Her first project was Bukas and Joints which is now Africa’s No. 1 food and travel show, broadcast both on African and U.S. channels.
And she delved into movie production with two blockbusters (Banana Island Ghost and Lara and The Beat) on her pouch.
The 45-year-old mogul, whose global perspective was honed during her childhood split between Cincinnati and Lagos, is keen at using media to bring people together to solve some of the biggest problems facing the continent.
And a lot of it has to do with education and information. Her recent work, Lara and The Beat, which she co-produced, had female protagonists.
It is about two sisters who get caught up in a financial scandal and have to rebuild their lives from scratch. She is now planning to turn the movie into a series, starting with when the sisters are nine years old.
Alabi plans to complement the series with published books to circulate among parents. The first in her young adult educational book series, The Adventures of Lara and Dara: Lost and Found in Lagos, will drop in December and the TV series will follow.

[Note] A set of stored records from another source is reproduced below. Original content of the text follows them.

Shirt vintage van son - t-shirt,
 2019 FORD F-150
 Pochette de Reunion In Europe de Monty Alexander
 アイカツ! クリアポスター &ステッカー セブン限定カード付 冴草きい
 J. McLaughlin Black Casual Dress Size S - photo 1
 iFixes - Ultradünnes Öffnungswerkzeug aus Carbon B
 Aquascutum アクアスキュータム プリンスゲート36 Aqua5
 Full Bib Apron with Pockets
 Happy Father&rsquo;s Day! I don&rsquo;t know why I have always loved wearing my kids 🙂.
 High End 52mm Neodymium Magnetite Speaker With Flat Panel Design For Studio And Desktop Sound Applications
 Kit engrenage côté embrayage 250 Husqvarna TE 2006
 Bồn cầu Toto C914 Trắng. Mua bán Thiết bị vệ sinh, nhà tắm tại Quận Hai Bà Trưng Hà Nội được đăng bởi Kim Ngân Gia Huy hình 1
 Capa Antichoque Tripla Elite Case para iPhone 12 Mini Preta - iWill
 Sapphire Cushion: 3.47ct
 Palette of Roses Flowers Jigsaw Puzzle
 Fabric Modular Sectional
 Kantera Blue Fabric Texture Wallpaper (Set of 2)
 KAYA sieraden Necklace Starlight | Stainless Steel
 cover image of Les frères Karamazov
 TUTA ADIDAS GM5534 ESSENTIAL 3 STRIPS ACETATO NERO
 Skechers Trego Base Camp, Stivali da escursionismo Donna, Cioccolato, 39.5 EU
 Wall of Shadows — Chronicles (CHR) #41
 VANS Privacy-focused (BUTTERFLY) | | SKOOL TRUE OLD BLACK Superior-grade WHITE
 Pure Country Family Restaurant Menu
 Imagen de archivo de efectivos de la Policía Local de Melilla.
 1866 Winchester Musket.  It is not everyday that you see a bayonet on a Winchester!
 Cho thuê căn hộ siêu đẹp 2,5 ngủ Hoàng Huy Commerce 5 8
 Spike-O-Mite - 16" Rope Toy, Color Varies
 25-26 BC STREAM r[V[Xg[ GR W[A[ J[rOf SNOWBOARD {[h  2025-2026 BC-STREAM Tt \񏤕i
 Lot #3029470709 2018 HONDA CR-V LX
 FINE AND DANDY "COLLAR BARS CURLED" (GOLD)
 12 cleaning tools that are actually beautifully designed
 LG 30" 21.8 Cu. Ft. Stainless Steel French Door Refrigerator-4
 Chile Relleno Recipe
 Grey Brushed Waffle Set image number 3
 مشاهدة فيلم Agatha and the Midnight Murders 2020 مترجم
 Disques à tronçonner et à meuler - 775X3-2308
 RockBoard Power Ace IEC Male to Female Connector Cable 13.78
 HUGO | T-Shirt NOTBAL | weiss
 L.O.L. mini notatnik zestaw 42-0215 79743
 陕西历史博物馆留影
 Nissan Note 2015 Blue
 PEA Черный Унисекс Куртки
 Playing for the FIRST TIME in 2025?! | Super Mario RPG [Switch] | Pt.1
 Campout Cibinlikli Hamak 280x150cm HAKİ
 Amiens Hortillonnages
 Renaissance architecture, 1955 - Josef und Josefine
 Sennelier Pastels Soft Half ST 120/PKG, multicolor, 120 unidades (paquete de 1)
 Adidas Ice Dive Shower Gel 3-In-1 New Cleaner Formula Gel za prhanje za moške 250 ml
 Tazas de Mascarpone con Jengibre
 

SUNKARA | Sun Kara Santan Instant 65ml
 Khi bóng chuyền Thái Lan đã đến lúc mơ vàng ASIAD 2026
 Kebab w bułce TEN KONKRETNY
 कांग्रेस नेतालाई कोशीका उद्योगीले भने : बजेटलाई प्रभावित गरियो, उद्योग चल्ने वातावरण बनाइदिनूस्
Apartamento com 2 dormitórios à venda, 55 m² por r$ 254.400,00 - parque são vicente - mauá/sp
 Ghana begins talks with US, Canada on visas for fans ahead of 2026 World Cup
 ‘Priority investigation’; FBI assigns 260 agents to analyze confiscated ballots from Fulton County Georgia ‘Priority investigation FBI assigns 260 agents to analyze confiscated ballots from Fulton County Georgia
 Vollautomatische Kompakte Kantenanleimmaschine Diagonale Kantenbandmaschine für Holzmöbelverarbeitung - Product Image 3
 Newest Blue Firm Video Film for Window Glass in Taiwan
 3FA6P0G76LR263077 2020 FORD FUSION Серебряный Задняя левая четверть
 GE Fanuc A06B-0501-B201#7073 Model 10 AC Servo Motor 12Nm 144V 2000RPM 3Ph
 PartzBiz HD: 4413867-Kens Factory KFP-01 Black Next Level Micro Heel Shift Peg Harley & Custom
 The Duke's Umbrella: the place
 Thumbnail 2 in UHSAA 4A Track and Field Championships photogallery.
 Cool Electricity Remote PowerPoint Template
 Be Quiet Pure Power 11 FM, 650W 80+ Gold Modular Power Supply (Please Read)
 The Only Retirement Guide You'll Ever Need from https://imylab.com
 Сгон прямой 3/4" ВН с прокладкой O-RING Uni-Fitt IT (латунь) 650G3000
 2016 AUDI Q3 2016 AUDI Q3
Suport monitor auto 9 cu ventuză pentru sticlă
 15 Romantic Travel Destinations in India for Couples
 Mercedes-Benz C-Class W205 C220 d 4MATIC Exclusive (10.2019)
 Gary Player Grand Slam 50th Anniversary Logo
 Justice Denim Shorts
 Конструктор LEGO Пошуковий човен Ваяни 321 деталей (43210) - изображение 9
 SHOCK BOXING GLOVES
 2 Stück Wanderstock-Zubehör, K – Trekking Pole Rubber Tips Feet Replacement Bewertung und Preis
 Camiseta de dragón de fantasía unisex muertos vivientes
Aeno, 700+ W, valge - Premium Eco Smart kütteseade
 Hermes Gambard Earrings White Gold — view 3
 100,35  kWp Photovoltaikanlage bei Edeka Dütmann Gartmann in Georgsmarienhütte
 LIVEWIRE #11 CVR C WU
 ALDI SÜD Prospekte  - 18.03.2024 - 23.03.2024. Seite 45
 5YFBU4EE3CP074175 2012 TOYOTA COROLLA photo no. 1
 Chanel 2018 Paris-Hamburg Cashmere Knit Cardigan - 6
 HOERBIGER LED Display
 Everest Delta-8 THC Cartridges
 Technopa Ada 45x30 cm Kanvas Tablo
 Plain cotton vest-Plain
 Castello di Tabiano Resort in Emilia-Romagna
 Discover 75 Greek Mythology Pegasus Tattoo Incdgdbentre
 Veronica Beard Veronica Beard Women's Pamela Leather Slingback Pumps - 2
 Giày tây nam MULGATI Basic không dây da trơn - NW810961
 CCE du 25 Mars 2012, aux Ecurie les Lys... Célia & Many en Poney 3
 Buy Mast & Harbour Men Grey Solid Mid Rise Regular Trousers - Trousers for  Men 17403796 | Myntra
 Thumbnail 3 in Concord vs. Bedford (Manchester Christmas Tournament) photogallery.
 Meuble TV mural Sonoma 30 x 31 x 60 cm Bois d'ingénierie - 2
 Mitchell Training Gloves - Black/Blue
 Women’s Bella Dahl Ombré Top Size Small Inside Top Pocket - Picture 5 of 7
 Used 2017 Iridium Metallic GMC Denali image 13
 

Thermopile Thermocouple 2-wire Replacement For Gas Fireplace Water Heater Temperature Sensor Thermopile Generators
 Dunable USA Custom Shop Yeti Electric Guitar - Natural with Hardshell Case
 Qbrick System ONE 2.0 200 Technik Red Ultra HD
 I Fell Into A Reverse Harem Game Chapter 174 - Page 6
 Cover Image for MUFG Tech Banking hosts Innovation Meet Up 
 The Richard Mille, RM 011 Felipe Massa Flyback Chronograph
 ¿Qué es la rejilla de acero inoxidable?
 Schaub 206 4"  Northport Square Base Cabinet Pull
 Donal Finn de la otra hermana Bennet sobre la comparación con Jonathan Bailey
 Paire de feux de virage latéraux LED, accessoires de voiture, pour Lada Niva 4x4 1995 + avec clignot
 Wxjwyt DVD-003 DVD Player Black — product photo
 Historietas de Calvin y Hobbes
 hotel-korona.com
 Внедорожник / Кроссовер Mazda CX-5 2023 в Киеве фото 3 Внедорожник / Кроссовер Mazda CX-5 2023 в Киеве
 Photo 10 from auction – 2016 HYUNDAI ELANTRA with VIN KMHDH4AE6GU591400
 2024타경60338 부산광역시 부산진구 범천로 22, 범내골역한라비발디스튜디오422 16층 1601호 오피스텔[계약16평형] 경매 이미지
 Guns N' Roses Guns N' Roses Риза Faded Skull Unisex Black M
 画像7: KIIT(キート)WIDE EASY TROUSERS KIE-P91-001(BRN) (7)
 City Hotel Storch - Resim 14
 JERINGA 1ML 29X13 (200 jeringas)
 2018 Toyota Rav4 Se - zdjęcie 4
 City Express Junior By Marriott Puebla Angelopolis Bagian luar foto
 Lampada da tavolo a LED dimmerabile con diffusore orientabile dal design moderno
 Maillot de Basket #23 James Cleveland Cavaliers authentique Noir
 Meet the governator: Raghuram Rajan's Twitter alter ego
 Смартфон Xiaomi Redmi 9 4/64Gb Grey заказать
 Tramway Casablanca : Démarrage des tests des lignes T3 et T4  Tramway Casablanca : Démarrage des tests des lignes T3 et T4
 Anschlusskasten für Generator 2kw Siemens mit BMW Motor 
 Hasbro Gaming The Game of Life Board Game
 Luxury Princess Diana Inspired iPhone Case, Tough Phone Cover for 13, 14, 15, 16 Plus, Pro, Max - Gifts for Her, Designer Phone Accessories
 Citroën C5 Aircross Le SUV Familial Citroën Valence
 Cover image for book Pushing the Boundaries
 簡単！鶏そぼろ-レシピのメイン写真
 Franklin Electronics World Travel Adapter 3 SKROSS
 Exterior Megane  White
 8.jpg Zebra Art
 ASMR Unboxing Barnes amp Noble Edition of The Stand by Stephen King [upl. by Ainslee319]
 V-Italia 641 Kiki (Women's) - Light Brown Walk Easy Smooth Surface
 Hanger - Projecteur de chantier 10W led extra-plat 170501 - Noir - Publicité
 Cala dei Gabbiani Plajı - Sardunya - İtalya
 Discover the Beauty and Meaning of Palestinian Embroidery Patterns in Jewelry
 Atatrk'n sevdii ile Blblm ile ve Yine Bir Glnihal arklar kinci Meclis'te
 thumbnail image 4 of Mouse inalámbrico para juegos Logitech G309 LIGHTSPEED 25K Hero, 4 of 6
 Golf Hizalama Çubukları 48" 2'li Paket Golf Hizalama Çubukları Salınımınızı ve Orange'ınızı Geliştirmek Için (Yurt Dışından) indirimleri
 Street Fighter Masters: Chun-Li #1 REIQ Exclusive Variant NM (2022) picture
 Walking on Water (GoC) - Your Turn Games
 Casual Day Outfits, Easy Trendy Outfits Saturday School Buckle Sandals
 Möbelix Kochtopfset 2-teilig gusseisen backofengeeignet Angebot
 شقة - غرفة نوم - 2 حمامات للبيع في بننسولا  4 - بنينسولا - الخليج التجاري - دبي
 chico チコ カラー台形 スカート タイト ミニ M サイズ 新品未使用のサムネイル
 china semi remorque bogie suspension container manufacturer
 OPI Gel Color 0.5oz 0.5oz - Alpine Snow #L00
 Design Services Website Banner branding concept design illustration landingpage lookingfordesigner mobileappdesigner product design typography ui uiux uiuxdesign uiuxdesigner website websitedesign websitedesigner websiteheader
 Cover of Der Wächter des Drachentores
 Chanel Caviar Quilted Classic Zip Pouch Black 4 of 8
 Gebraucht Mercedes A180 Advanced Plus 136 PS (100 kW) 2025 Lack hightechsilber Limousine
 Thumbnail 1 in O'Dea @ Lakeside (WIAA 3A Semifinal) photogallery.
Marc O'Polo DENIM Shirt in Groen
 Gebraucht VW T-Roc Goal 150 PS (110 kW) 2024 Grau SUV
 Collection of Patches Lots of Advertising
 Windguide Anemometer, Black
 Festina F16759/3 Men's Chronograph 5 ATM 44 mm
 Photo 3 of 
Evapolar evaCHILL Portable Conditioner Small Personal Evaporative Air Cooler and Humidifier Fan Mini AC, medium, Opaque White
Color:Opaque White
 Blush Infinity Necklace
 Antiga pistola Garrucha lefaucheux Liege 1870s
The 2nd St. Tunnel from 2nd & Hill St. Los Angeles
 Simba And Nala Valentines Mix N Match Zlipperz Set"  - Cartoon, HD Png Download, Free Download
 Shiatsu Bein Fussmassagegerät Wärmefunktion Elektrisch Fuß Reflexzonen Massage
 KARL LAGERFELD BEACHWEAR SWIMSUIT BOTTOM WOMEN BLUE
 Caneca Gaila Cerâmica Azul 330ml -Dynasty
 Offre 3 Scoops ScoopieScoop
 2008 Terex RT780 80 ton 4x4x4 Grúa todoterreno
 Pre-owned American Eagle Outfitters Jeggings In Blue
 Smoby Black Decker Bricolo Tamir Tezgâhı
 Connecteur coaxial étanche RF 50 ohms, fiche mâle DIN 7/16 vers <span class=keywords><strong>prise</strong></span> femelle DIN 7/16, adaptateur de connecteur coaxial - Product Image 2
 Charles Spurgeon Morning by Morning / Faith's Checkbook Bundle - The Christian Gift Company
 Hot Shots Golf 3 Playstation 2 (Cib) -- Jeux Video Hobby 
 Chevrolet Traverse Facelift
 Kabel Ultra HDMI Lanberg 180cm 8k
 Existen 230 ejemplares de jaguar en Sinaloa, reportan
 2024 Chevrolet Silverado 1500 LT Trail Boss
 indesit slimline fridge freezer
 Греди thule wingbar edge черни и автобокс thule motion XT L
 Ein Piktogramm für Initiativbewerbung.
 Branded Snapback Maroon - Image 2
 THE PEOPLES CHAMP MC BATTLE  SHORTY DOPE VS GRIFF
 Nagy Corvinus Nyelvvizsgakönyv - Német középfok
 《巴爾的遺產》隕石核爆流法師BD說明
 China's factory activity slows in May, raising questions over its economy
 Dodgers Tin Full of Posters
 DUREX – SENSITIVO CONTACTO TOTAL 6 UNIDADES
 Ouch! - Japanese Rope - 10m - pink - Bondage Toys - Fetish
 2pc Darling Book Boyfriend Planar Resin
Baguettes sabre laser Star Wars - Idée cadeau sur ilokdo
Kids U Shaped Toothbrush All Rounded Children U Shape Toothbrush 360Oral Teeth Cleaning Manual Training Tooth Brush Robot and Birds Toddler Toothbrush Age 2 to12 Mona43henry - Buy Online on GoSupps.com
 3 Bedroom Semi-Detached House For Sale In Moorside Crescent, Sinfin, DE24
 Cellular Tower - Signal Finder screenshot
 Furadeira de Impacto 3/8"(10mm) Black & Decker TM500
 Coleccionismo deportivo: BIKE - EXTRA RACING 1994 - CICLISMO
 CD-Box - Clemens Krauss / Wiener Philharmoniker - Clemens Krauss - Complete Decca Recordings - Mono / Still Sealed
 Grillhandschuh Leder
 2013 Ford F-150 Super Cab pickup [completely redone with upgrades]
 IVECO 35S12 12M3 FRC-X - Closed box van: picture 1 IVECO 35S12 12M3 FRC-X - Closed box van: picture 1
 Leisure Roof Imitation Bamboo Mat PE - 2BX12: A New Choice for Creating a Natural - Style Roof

The series, it is gathered, will focus on various conversations around women issues, health issues like monthly periods, things girls are expected to learn on their own and everything that is not talked about in the Nigerian society.
All these will form part of Alabi’s push to create positive African female role models who are diverse and nuanced.
Alabi’s effort has drawn to her global attention. She was named one of the 20 Youngest Power Women in Africa by Forbes in 2012, and this year the Financial Times named her to its 100 Female Executives list.